People are longing for realness. For lives that fit their truth, not their résumé.

And I know that ache, not as theory, but as lived experience.

This movement isn’t mine alone. I’m just the one choosing to go first.

Looking back, what do you think were the three qualities, skills, or areas of knowledge that were most impactful in your journey? What advice do you have for folks who are early in their journey in terms of how they can best develop or improve on these?

1. Observation as a superpower.

Early on, being the only one in the room, often the only woman, the only person of color, the only one speaking a hard truth, taught me how to observe deeply. That skill has become a strategic advantage. I don’t just listen to words; I pay attention to what’s happening under the surface.

2. Cognitive and emotional agility.

I’ve learned to recognize when my brain is reacting versus responding. That awareness helps me stay grounded in the unknown, even when the stakes are high. It’s a lifelong skill, but one that can be practiced daily, especially in moments that feel urgent or overwhelming.

3. Integrity with self.

At the core of it all is this: I trust myself. That wasn’t always true. For years, I deferred to what others thought was best. Now, I anchor my decisions in clarity, not consensus. That shift changed everything from how I lead to how I live.

For those just starting out: don’t rush to make sense of everything. Learn to slow down enough to sense what’s actually true. The answers usually aren’t out there; they’re in you, waiting for space to be heard.

Before we go, any advice you can share with people who are feeling overwhelmed?

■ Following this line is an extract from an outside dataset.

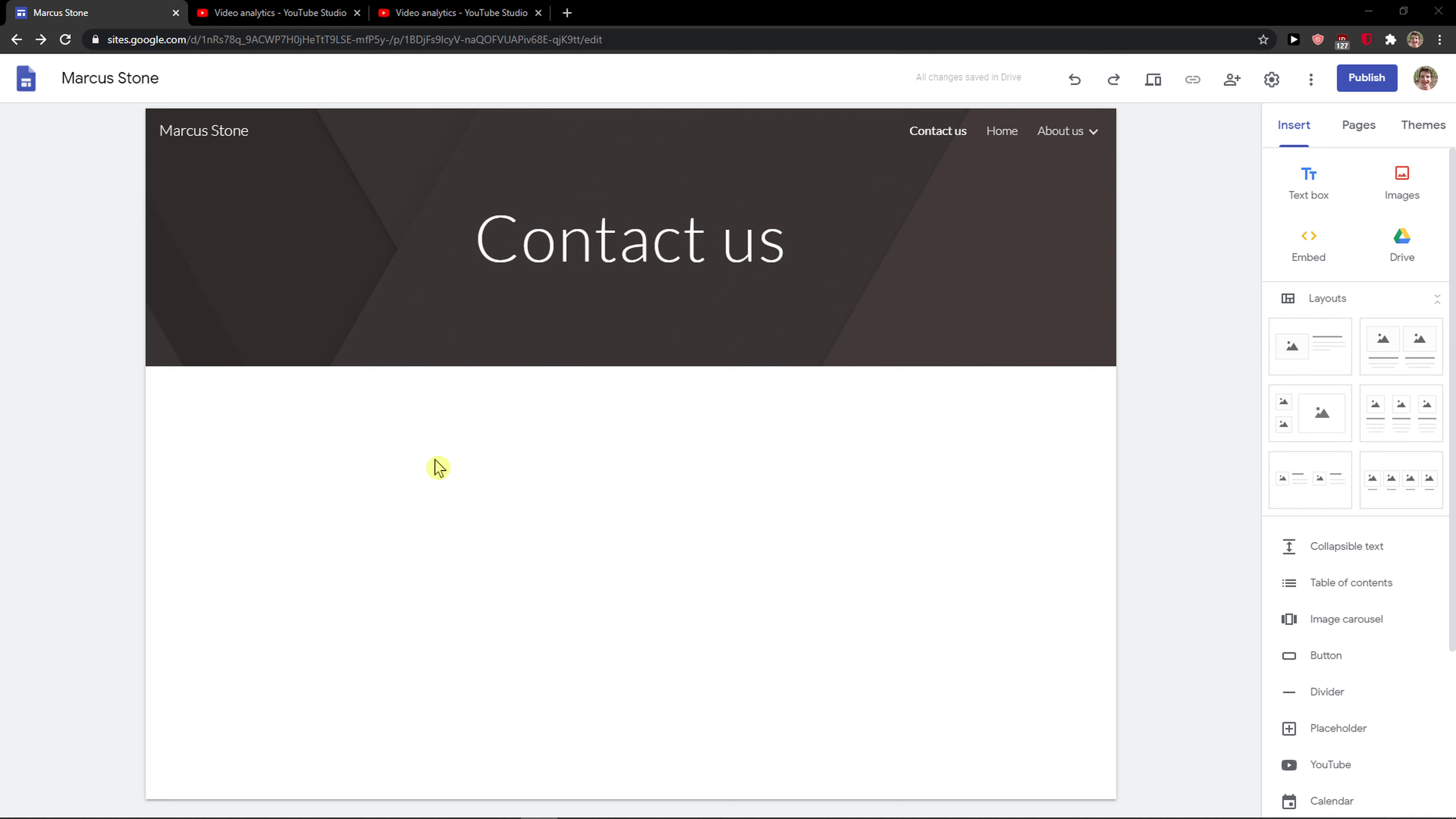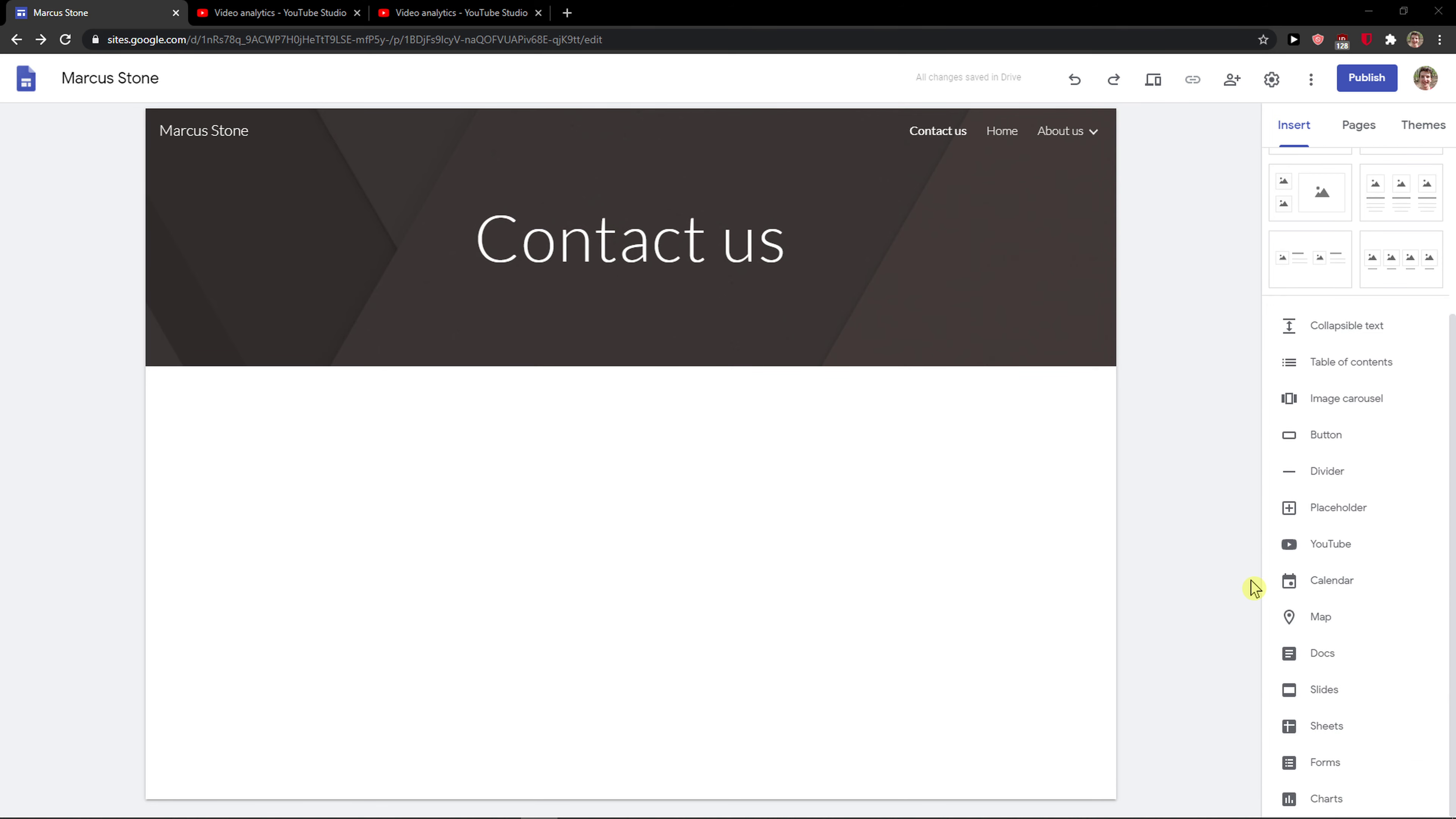Everybody, my name is Marcus Stone, and in this video I will show a really simple way how you can add code in Google Sites. So let's start. The first thing you want to do is just be here.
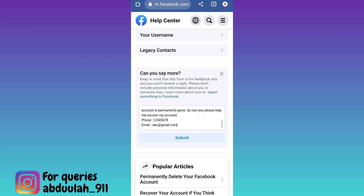Once you have done that, tap on the submit option, and after you click on submit, within the next 24 hours your deleted Facebook account will be recovered.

When I feel overwhelmed, I’ve learned to pay attention to the inklings, those subtle, almost-whispered signals that arise before the brain catches up.

I first spoke about inklings in my Oxford Talk, which was filmed in New York due to travel constraints at the time. The word itself came from my grandmother, and it’s stuck with me ever since. An inkling is a shift in the body or the breath—a sense that something is off, or that something important is coming. You feel it before you can explain it.

It’s not something neuroscience has fully named, but I’ve come to understand inklings as part of the quiet architecture of how we navigate choice, especially under uncertainty. They’re not logic. They’re not fear. They’re early signals, shaped by lived experience, memory, emotion, and pattern recognition.

Not every inkling is a green light. But it’s a prompt worth exploring, mapping, and betting on—especially when it shows up again and again. For me, clarity often begins as a whisper. It’s not always the whole answer. But it’s always the beginning of one.